See also Bell Canada v. The Plan Group, 2009 ONCA 548, 96 O.R. (3d) 81, at paras. 37-38, and De Beers Canada Inc. v. Ootahpan Company Limited, 2014 ONCA 723, [2014] O.J. No. 4904, at para. 3.
[24] The Supreme Court of Canada has recently held that "[c]ontractual interpretation involves issues of mixed fact and law as it is an exercise in which the principles of contractual interpretation are applied to the words of the written contract, considered in light of the factual matrix", and therefore that the trial judge's interpretation is entitled to deference on appeal: see Sattva Capital Corp. v. Creston Moly Corp., 2014 SCC 53, [2014] 2 S.C.R. 633, at para. 50. The appellants acknowledge this, but rely on the Court's recognition that if it is possible to identify an extricable error of law, a judge's error on such an issue does not attract deference: Sattva, at para. 53. Citing this Court's decision in First Elgin Mills Developments Inc. v. Romandale Farms Limited, 2015 ONCA 54, 381 D.L.R. (4th) 114, at para. 9, they argue that an extricable error of law occurs where the judge "misapprehended the evidence, reached an interpretation of the agreement that was commercially unreasonable, and improperly implied a term in the agreement when the legal standard for doing so was not met." They submit that the trial judge's interpretation is caught within these categories.
The Trial Judge Did Not Fail To Give Effect To The Plain Wording Of The Agreement Or Misapprehend The Evidence In Respect Of It
[25] First, the appellants contend that the trial judge failed to give effect to what they say is the clear language of s. 3 of the Option Agreement. Section 3 provides that "on closing[^2], the Optionor [Platt] shall transfer unto the Optionee [798 Ontario] 100% of its right, title and interest in and to the said Claims … to and for its sole and only use forever…" The appellants submit that this error was fed by a misapprehension of the evidence.

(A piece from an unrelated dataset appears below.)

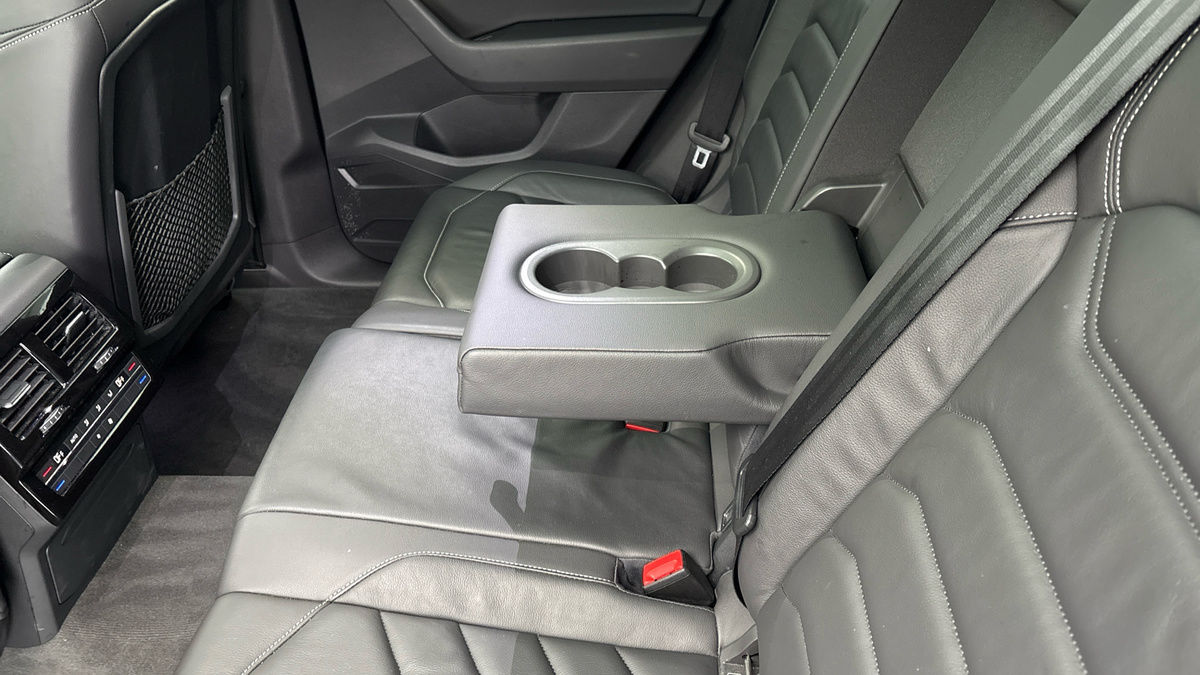 Volkswagen Touareg Image 9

What they characterize as the trial judge's misapprehension of the evidence is his finding that the transfer of title provided for in s. 3 was simply to facilitate the flow through of the development and exploration costs to the investors under the tax program by giving 798 Ontario the legal title to the Claims without transferring the beneficial interest in them to the corporation.
[26] I reject this submission.
[27] There was evidence from Mr. Platt upon which the trial judge could find, as he did, that 798 Ontario held legal title "[f]or tax and other reasons to protect its investment" and that "like a mortgagor, beneficial title remained with Platt" (para. 303). Counsel for the appellants conceded that there was evidence the investors had to have "title" in order to enjoy the benefits of the tax program. What the appellants characterize as a misapprehension of the evidence, therefore, is more accurately characterized as a disagreement with a factual finding made by the trial judge. The finding was supported by the record and puts the language of s. 3 in its proper perspective in relation to the other terms of the Option Agreement.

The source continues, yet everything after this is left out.